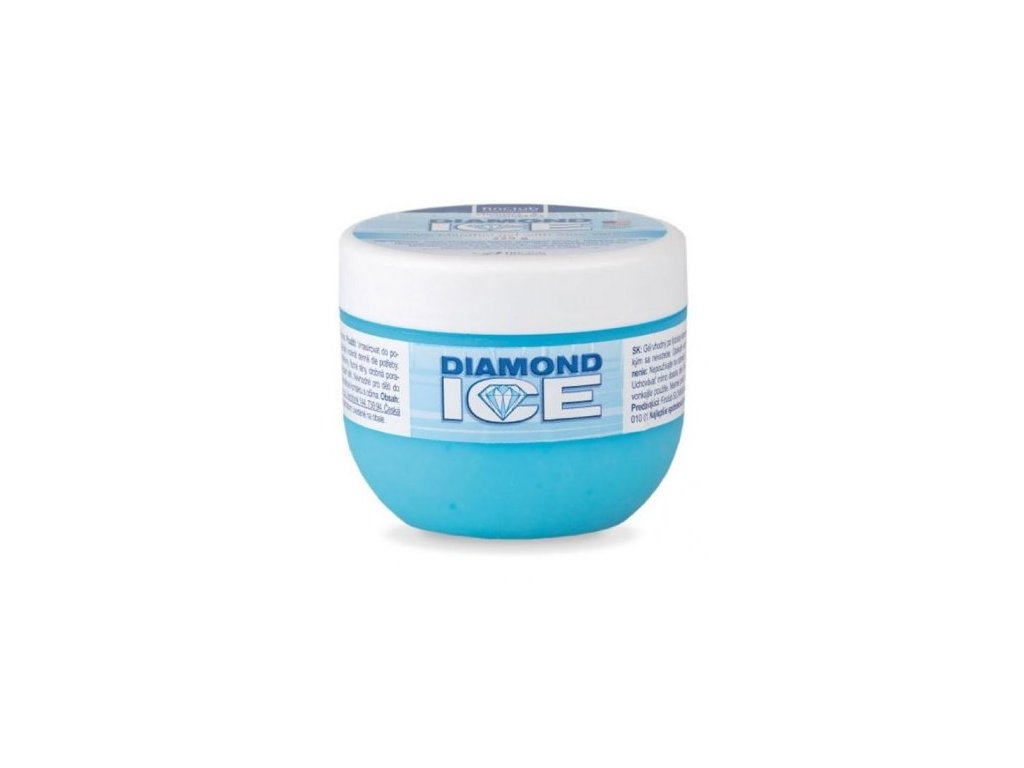 Finclub Masážny gél Diamond Ice 225g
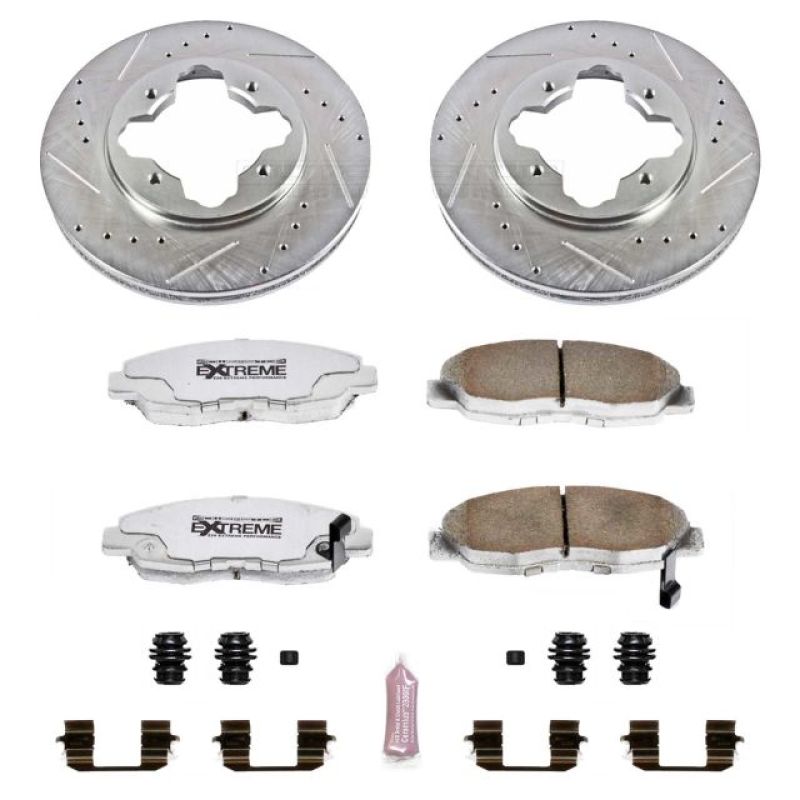 PowerStop Power Stop 1997 Acura CL Front Z26 Street Warrior Brake Kit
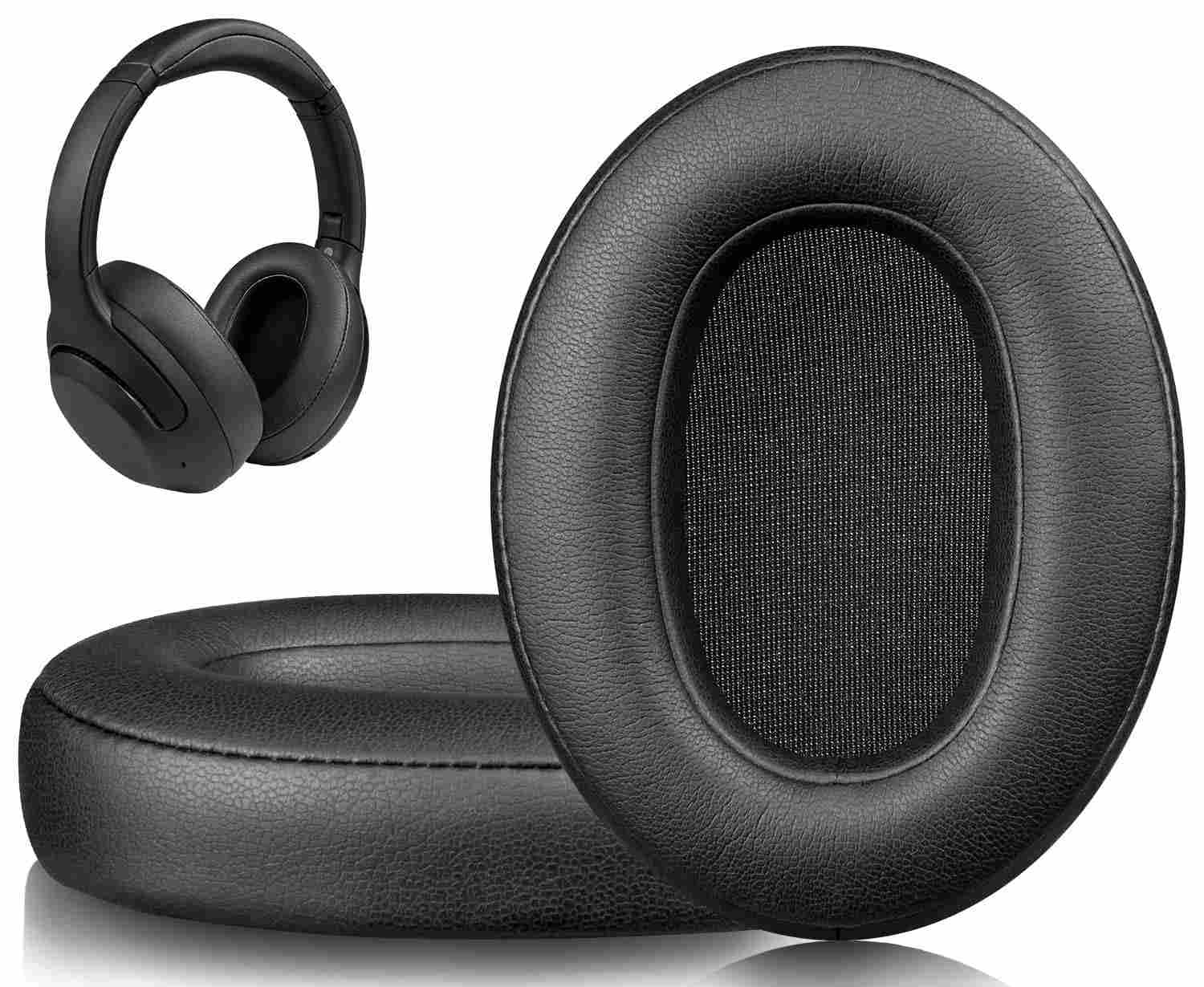 Almofadas SOULWIT Premium para Sony WH-XB900N/CH710N/CH720N/RF400/MDR-RF895RK - Isolamento de Ruído e Conforto Superior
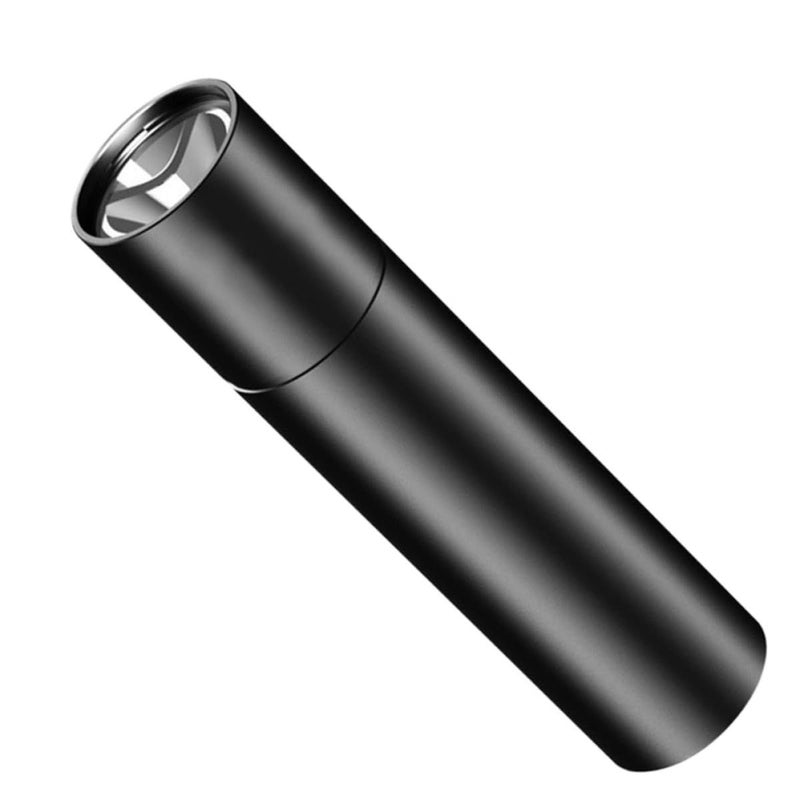 Mini LED Flashlight Keychain Portable Zoomable Pocket Light for Camping Hiking Travel - Image 2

(WORK TO BE COMPLETED) The finished answer is an exact repetition of the listing, with every picture removed.

(TASK RESPONSE)
 Finclub Masážny gél Diamond Ice 225g
 PowerStop Power Stop 1997 Acura CL Front Z26 Street Warrior Brake Kit
 Almofadas SOULWIT Premium para Sony WH-XB900N/CH710N/CH720N/RF400/MDR-RF895RK - Isolamento de Ruído e Conforto Superior
 Mini LED Flashlight Keychain Portable Zoomable Pocket Light for Camping Hiking Travel - Image 2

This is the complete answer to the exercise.